Vielleicht gelingt Christian Lindner, Chef der Liberalen in Nordrhein-Westfalen, wenn er denn Parteivorsitzender des FDP-Torsos wird, noch einmal eine Renaissance der Liberalen. Schon am Wahlabend ging er jedenfalls mit der erfolglosen Wahlkampagne der Liberalen hart ins Gericht, indem er den Stil des liberalen Spitzenpersonals unüberhörbar kritisierte. Ausgeschlossen ist aber auch nicht, dass wir gestern Abend das Ende des Liberalismus gesehen haben könnten.

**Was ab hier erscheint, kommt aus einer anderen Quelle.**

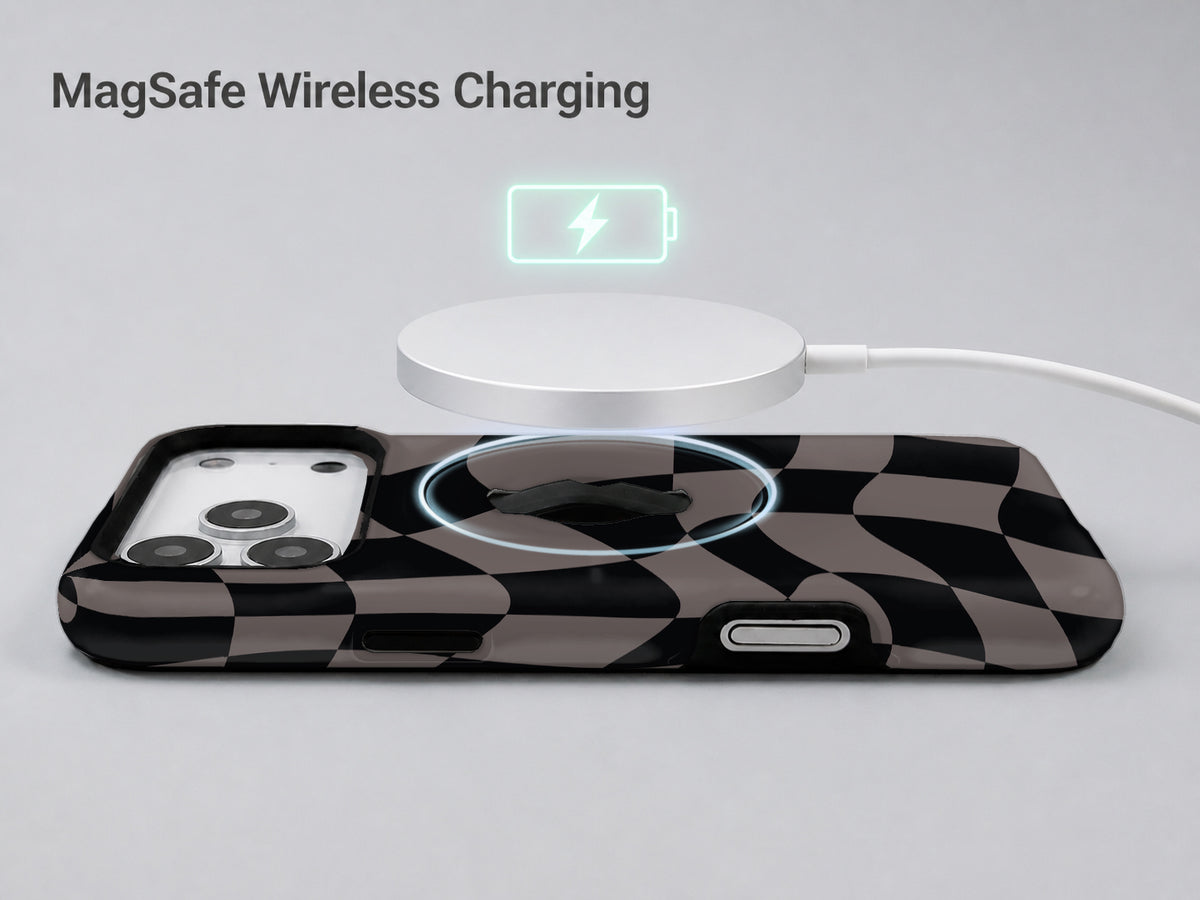 Black Taupe Wavy Checkerboard MagSafe Loop iPhone Case shown with a MagSafe-compatible wireless charger attached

In Europa ist die gestrige Bundestagswahl mit einer noch nie dagewesenen Spannung beobachtet worden. Selbst die Südländer, die sich insgeheim eine ausgabenfreudigere linke deutsche Regierung gewünscht haben, wissen nun, woran sie sind. Keine Hilfe ohne Gegenleistung, das wird in den nächsten vier Jahren vermutlich die Devise sein für die europäische Rettungspolitik. Merkel ist entschlossen, ihre Vision vom Alten Kontinent mit Hilfe der Nordländer durchzusetzen. Und der gestrige Wahlabend hat auch ihre Position im Konzert der europäischen Staaten nachhaltig gestärkt.